I'm sure that this is somewhere, but I haven't been able to find it. Since many of us want to build "light", it's often the integrity of joining things together, angles, reinforcements, and design that brings strength, so, here's some questions that I hope someone has really good answers to.
1. What strong, solid wood holds screws best? Or, does plywood hold screws better than solid wood? ( refer to #2 for application)
2. A joint made of plywood and wood, joining two parts at right angles - is adding screws stronger than just gluing it? Assuming the wood is 2x2 and the plywood 1/4 in or thicker.
3. What wood glues to best, as well as being strong and resilient resilient (not brittle)?

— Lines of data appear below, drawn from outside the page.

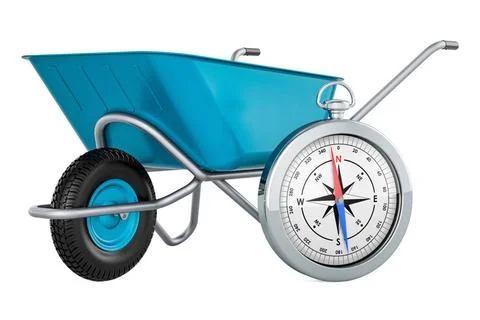Garden wheelbarrow with compass, 3D rendering Garden wheelbarrow with comp... Stock Photos
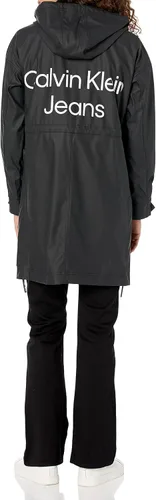 Vista 2 de Calvin Klein Abrigo impermeable largo con capucha para mujer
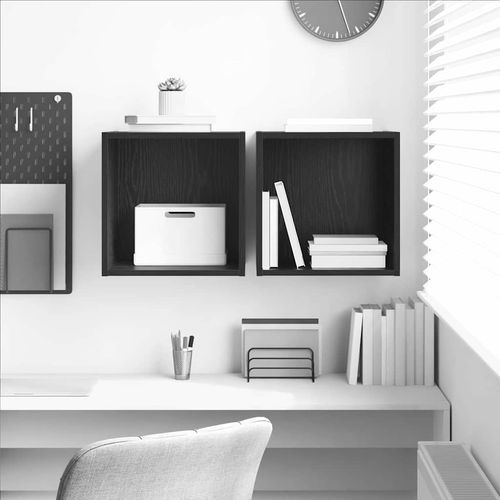 Szafka ścienna z półką 2 pcs Czarny Dąb 37 x 37 x 37 cm na Arena.pl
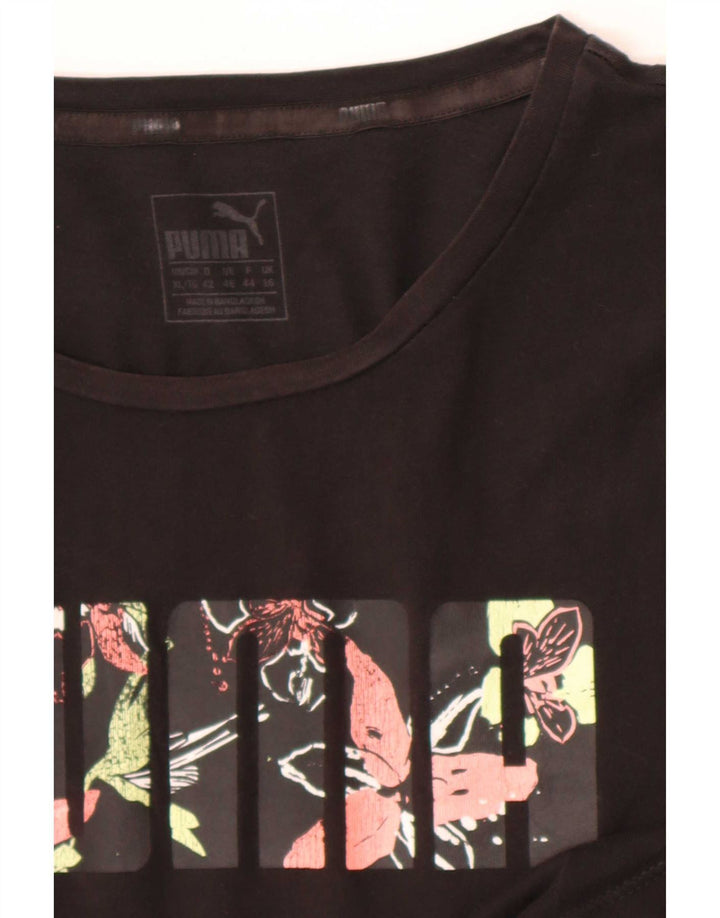 Puma Womens Graphic T-Shirt Top UK 16 Large  Black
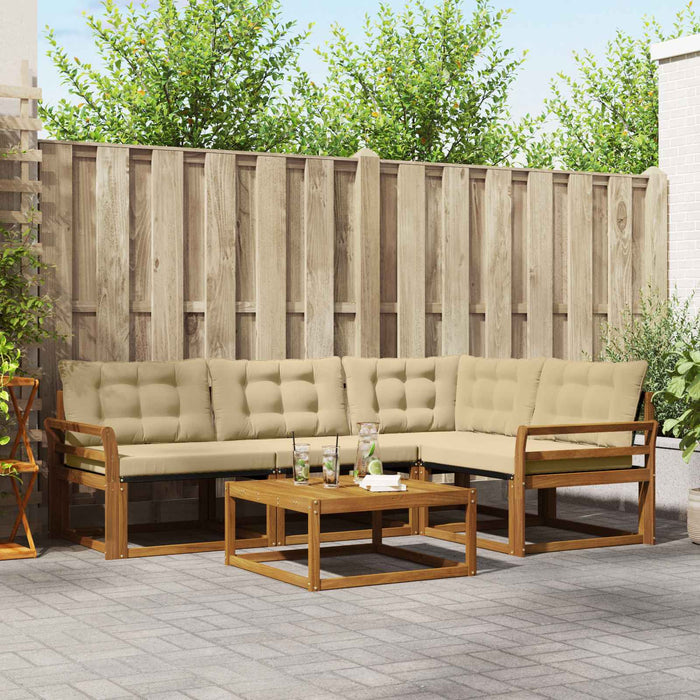 Set de canapele de exterior cu pernă 5 pcs Natural și Bej - WALTI WALTI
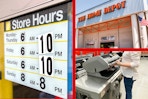 a photo collage of home depot store hours, sign, and a person looking at a grill 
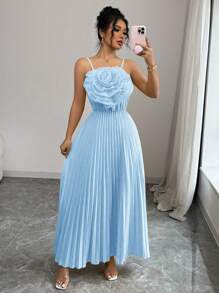 Rafferiza 法式优雅花卉贴花收腰 A 字形连衣裙，黄色，女士，春夏 - 淺藍色 - 查看 5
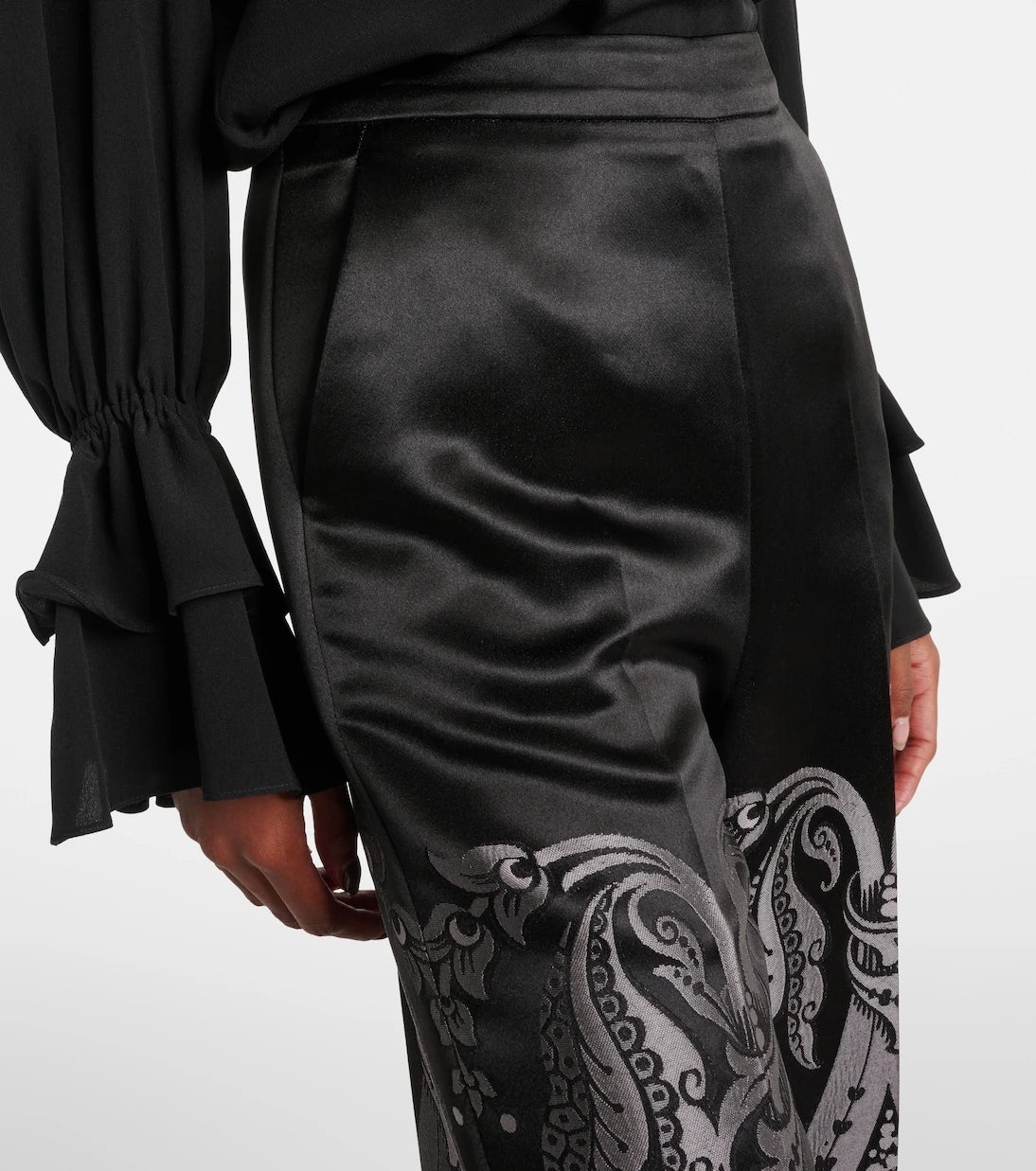 Etro - Printed silk-blend wide-leg pants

A few years ago, I built a box for some metal poles and parts that was 6 x 1 x 1 ft. (just one sheet of plywood) It was made of 1/4 plywood, with all the corners reinforced with 3/4 x 3/4 solid cedar, glued and screwed. It was about 150 lbs filled, and it got dropped, slamed around in the truck, walked on, used as a bench, used as a bridge, all while both loaded and empty. I figured it to be fragile, but it turned out to be almost indestructable. Eventually, a fall to a cement slab, hitting one corner first, split a corner cedar glue block and caused the corner to open up.
What would be the best woods and do the screws help or weaken, or don't matter?